Higher prices for smartphones and laptops are coming later this year, the boss of Currys, Britain’s biggest electricals retailer, has warned, as the AI data center boom soaks up the world’s supply of memory chips.
Currys, a UK equivalent of Best Buy, sells laptops, phones, TVs, and appliances online and through hundreds of stores across the UK, Ireland, and the Nordic countries, generating about $12 billion in annual revenue.
That scale, and the buying power that comes with it, makes it a useful early-warning system for where consumer electronics prices are headed.
CEO Alex Baldock blamed AI and data centers for devouring the world’s silicon supply on an earnings call after the company reported its annual results.
“Less is left over for the likes of mobile phones and laptops, and that inevitably will cause availability challenges and some cost price inflation coming through later this year,” he said in a call after the results were released.

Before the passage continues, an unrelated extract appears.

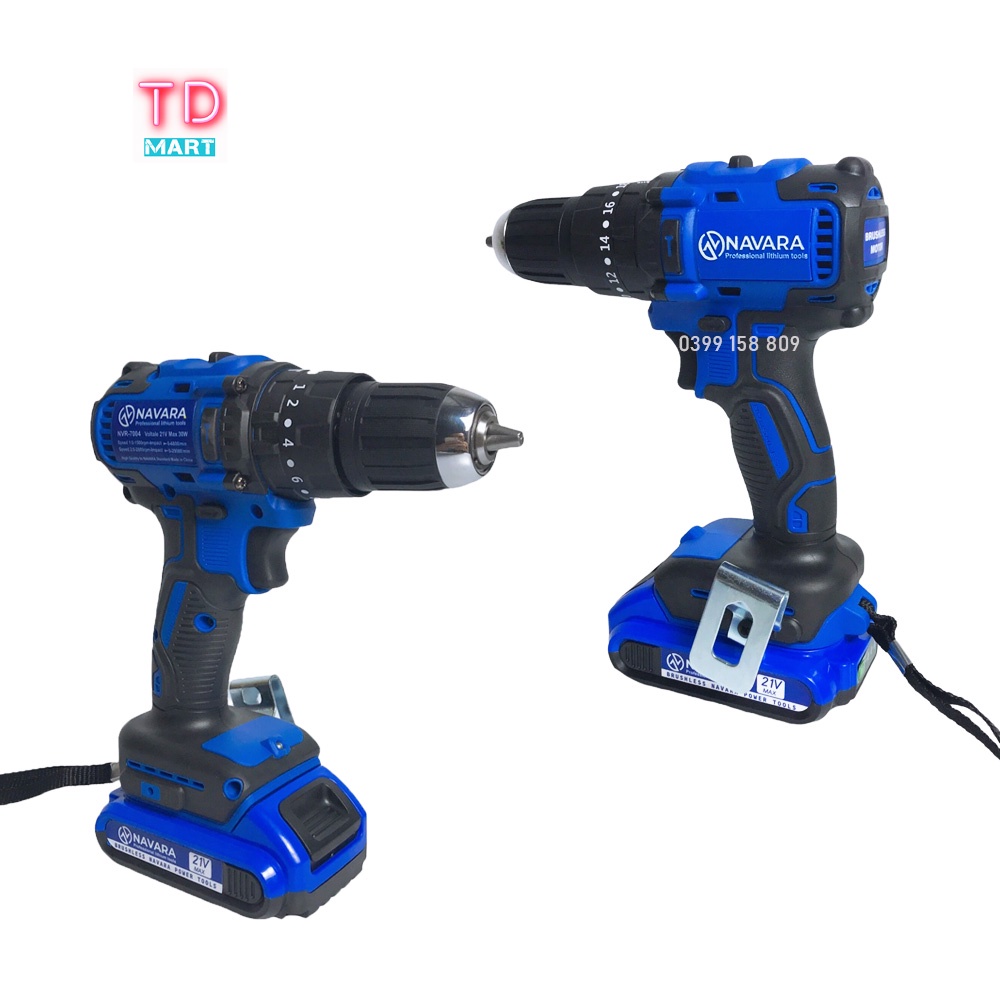 Máy khoan dùng pin 21v 3 Chức Năng Navara 7004 Động cơ Không Chổi Than Đầu 10 ly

Baldock said it was too early to say how big the price rises would be, but that Currys would lean on its buying power as market leader to secure supplies and hold increases down.
“We’ve seen this coming for some time; we’ve made sure that we’ve brought forward, so we’ve got good security of supply in computing and mobile phones until at least September,” he said.

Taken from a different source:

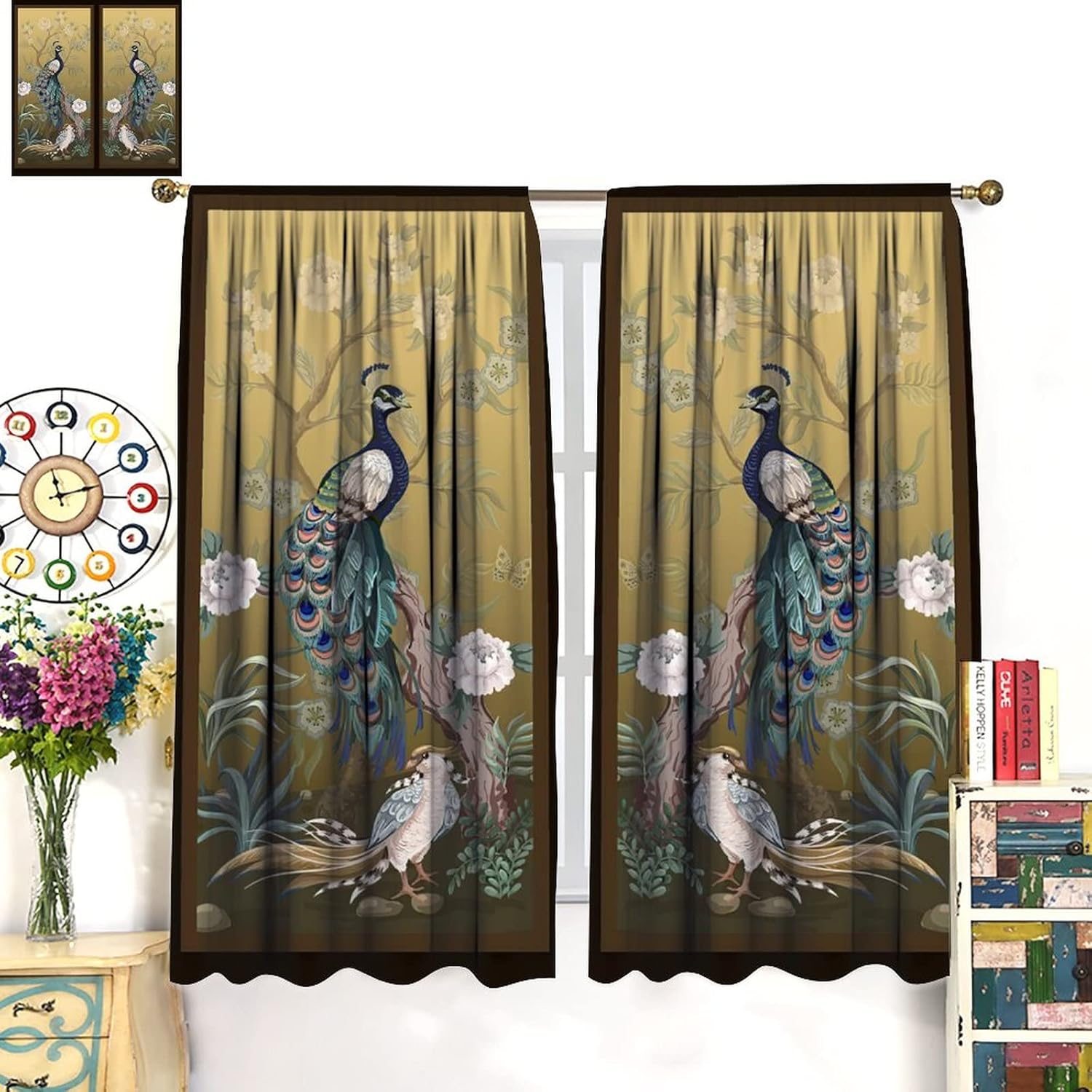 JESTRONRY Peacock Peony Curtains,Vintage Asian Chinese Style Japanese Decor Blackout Window Door Curtains for Bedroom Living Room Dining Room Decor,2 Panels W42xL45in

Currys is the latest company to sound the alarm about a shortage that has already pushed up prices on Apple products and Xbox consoles, a shortage that analysts expect to worsen before it improves.
Memory makers have been reallocating manufacturing capacity toward deep-pocketed AI hyperscalers like Meta, Google, and Amazon, leaving gadget makers fighting over what’s left.
Investors seem to have gotten the message: even as Currys reported an 18% jump in annual profit, its shares were down around 3% on the day.